Task directions
A precise copy of the data is required, with every picture left out.

Source data
BEGIN
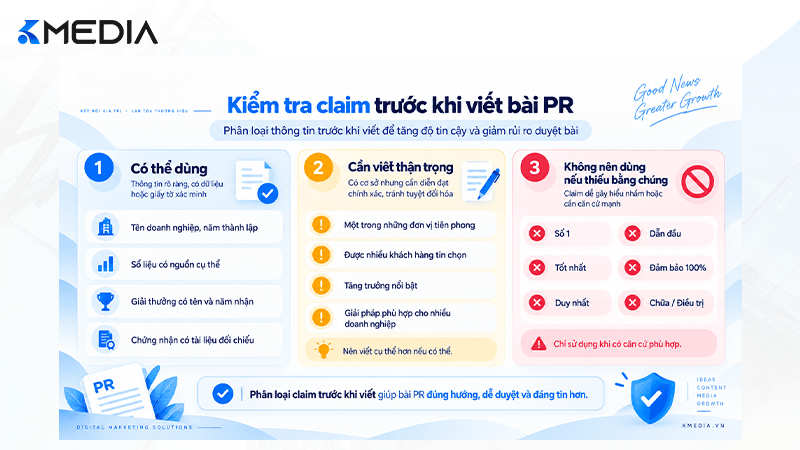 Kiểm tra claim trước khi viết bài PR báo chí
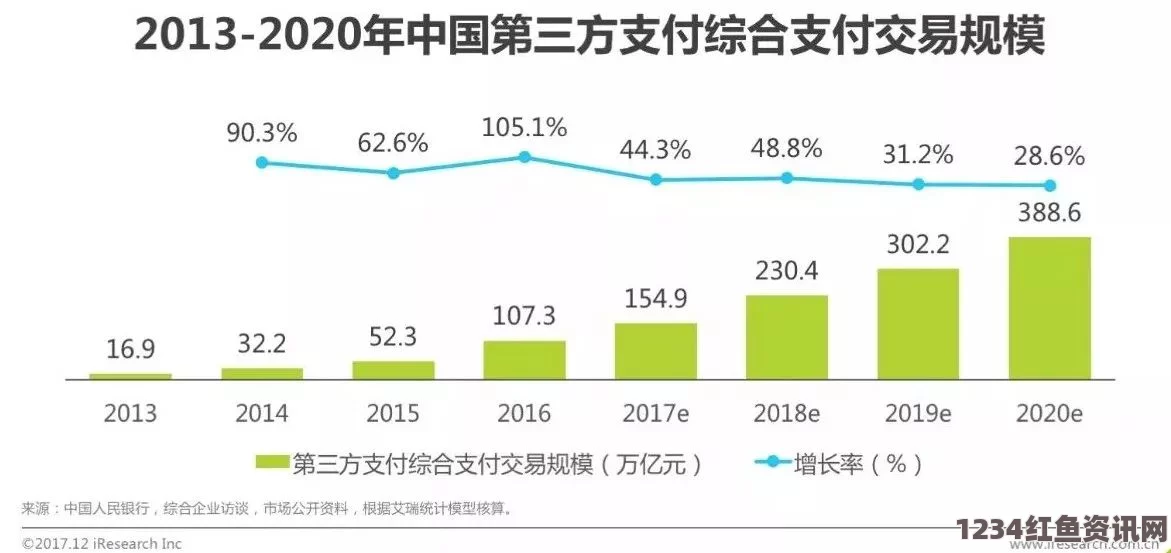 18 网站：它的发展趋势会如何改变成人内容网站的面貌？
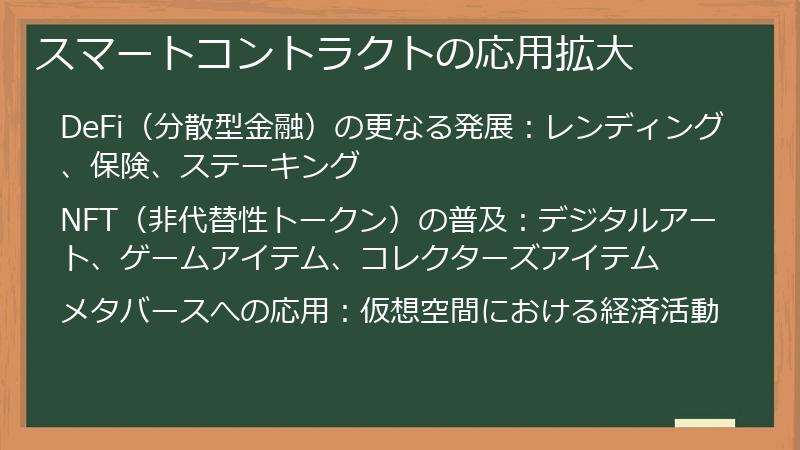 スマートコントラクトの応用拡大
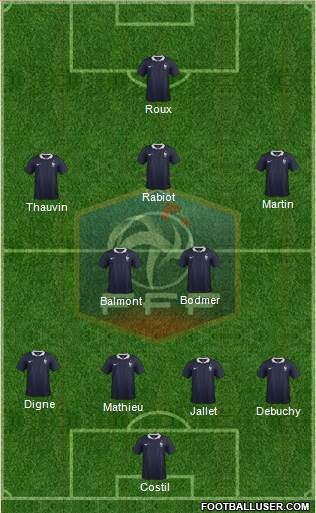 France Formation 2015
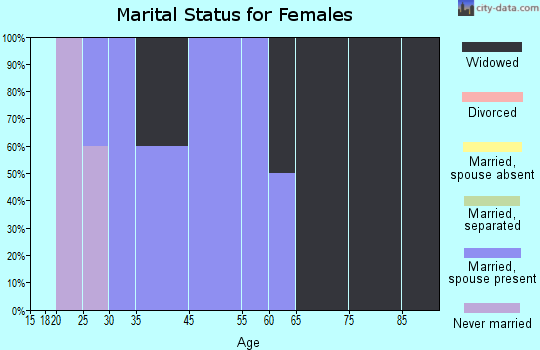 Spragueville marital status for females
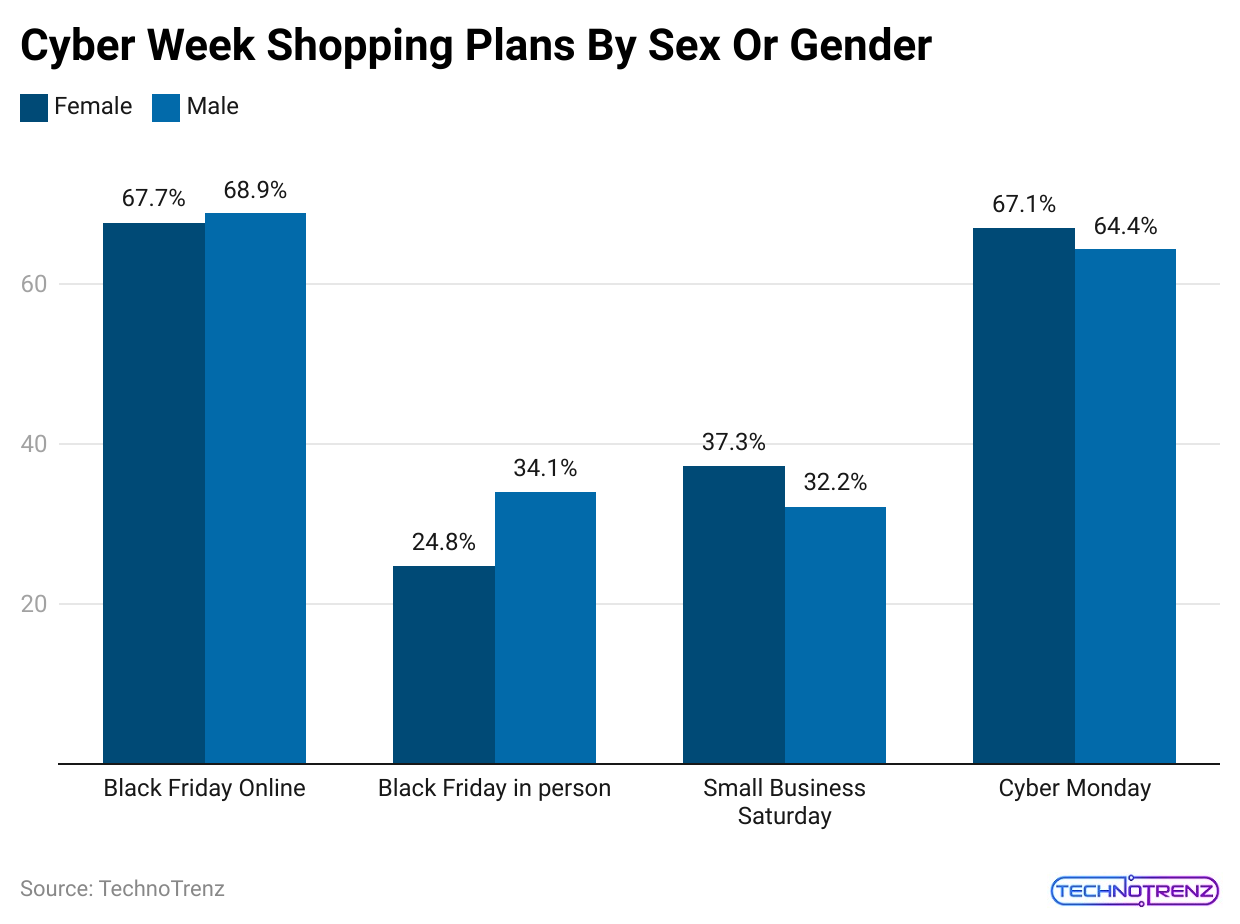 cyber-week-shopping-plans-by-sex-or-gender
END
Solution for this exercise
 Kiểm tra claim trước khi viết bài PR báo chí
 18 网站：它的发展趋势会如何改变成人内容网站的面貌？
 スマートコントラクトの応用拡大
 France Formation 2015
 Spragueville marital status for females
 cyber-week-shopping-plans-by-sex-or-gender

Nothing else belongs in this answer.